Exercise goal: Take the listing below and write it out again exactly, skipping any picture that it holds.

Available data:
········

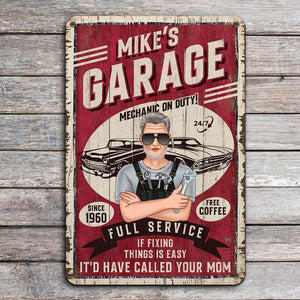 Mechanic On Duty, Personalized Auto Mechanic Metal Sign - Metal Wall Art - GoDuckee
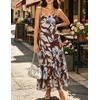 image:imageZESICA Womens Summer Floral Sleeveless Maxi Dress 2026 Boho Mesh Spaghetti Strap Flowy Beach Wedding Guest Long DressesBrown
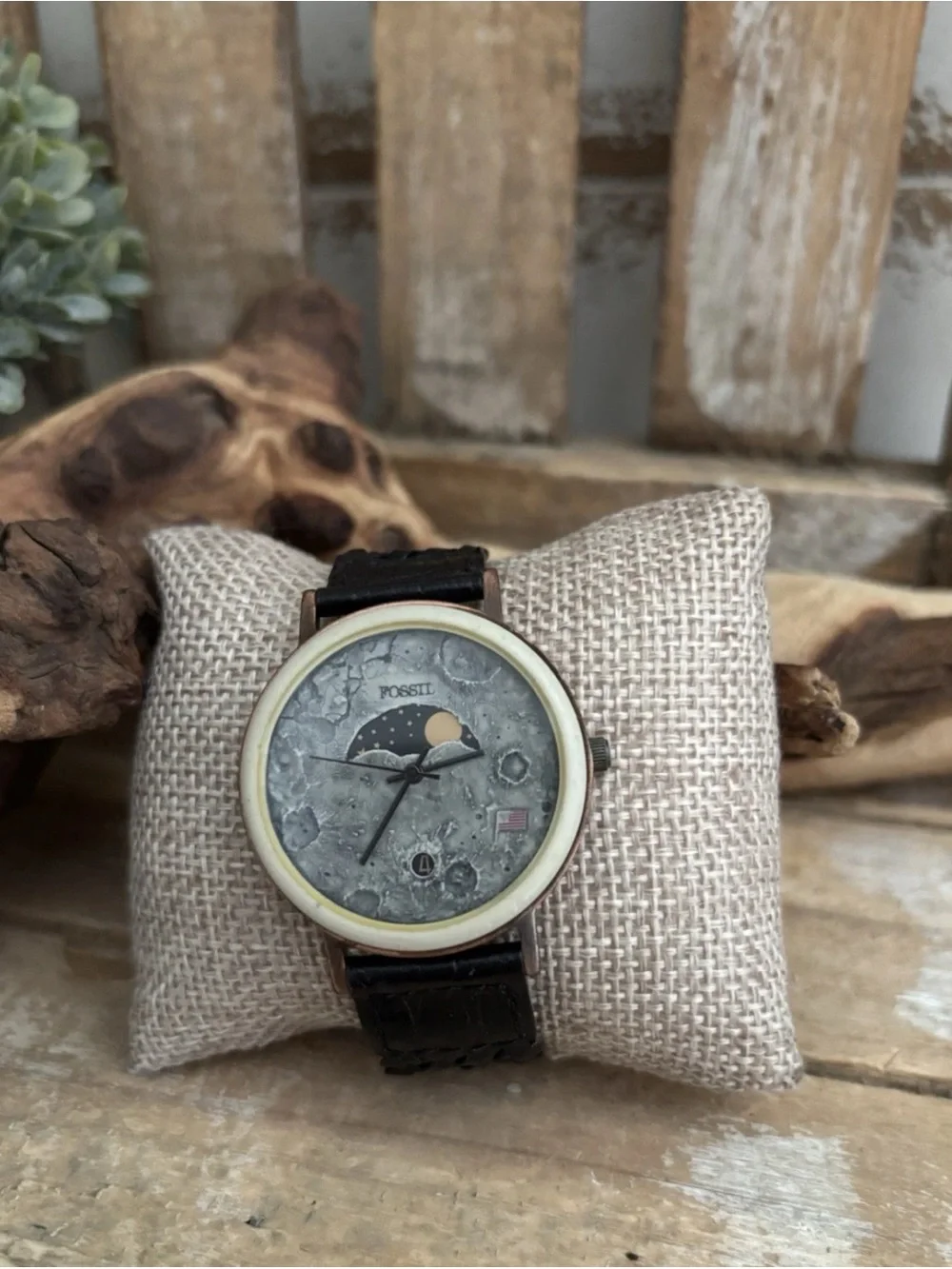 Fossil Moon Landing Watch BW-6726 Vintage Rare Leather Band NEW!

········

Answer to the exercise:
 Mechanic On Duty, Personalized Auto Mechanic Metal Sign - Metal Wall Art - GoDuckee
 image:imageZESICA Womens Summer Floral Sleeveless Maxi Dress 2026 Boho Mesh Spaghetti Strap Flowy Beach Wedding Guest Long DressesBrown
 Fossil Moon Landing Watch BW-6726 Vintage Rare Leather Band NEW!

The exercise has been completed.